One of my research goals has been to combine quantitative experiments and mathematical modelling to address questions of epigenetic regulation in vivo.

A full understanding of epigenetic regulation calls for mathematical models

Why does epigenetics need mathematics? Think of the phenomenon of variegation, which can be seen in plants as green and white patches on leaves, and in the eyes of mutant flies as red and white patches. These random patterns are the result of a switch between two extreme gene expression states that, once established, become epigenetically stable over many cell divisions. This random behaviour seems to be at odds with exquisite developmental precision and quantitative response to signals — both hallmarks of epigenetic regulation during development. A full understanding of epigenetic regulation calls for mathematical models that reconcile these properties of randomness and precision. The papers by Dodd et al. and Angel et al. are landmarks in this endeavour.

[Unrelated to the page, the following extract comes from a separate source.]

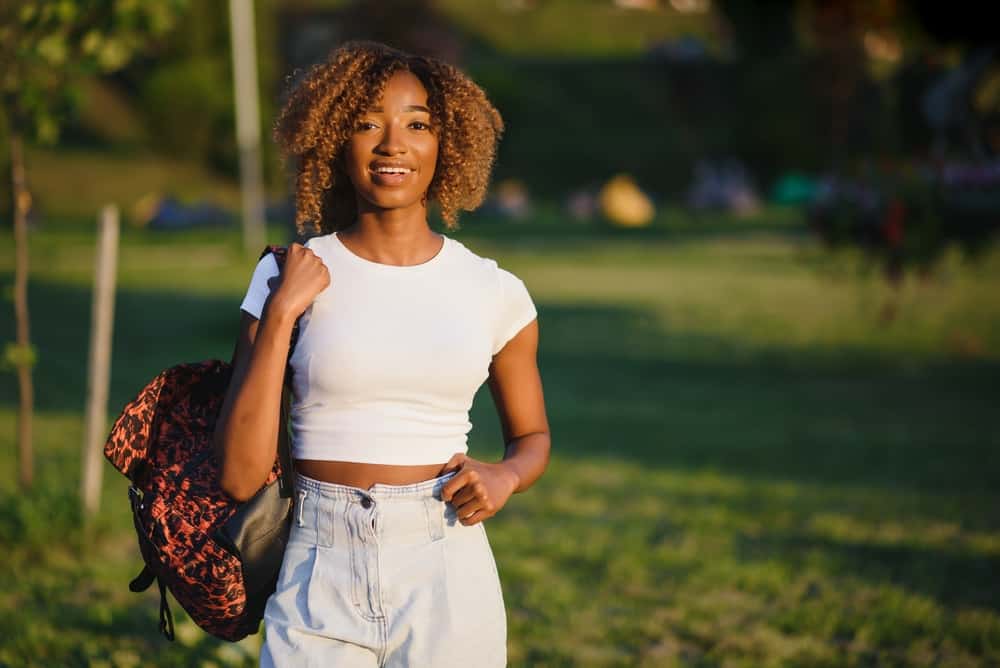 Young black female in casual clothes with a dark brown natural hair color on 4A fine hair strands.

In their theoretical study, Dodd et al. were the first to recapitulate bistability using stochastic modelling of chromatin states. This work beautifully describes epigenetic processes in terms that are accessible to non-mathematicians: an array of nucleosomes, a modification state for each one, and a disruption of that state upon DNA replication. Moreover, this very simple model provided insights into some fundamental questions in epigenetics, showing that a system in which individual random nucleosomes change their state rapidly can nevertheless maintain a stable state at the level of the whole array that is robust to the perturbations of replication.

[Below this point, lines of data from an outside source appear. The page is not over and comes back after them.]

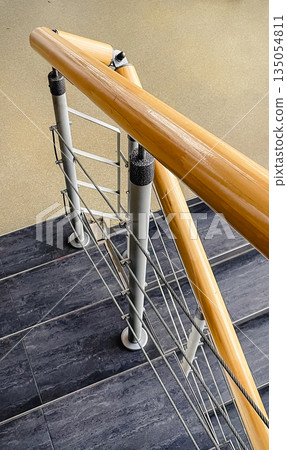 Modern indoor staircase with polished wooden handrails, metal banisters with wire cables, and dark stone steps 135054811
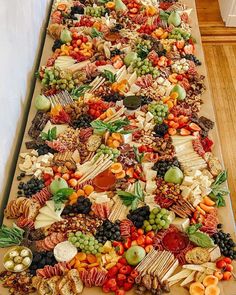 a very long table covered with lots of different types of cheeses and fruits on it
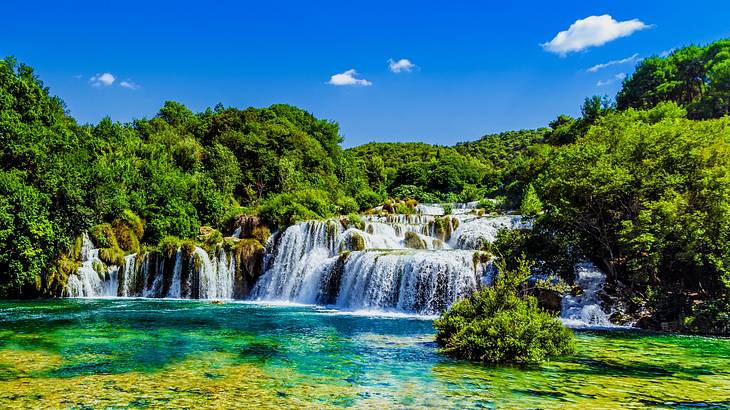 A waterfall flowing into a pool surrounded by green trees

Angel et al. adapted and extended the Dodd model to address the quantitative aspect of vernalization (an epigenetic process that confers memory of winter in plants): the longer the cold exposure during winter, the stronger is the epigenetic silencing of a specific gene after the winter is over. This work stands as a landmark for several reasons. First, it is one of very few examples in epigenetics in which mechanistic modelling and rigorous quantitative experimentation are combined. Second, it demonstrated both theoretically and experimentally that the quantitative response to cold is achieved by a digital switch, which is both random and precise. It is random because any cell can switch the gene off or on, but precise because the number of cells in a silenced state is controlled by and directly proportional to the length of cold exposure. Finally, this work has wide consequences beyond vernalization. It established a theoretical framework, within which other questions can be addressed: for example, how does epigenetic regulation adapt to faster acting switches, and is it always digital? Incidentally, the supplemental material in Angel et al. is so comprehensive that, with rudimentary programming skills, it is possible to re-implement the entire model from scratch, which is extremely informative for understanding the relationship between randomness and precision.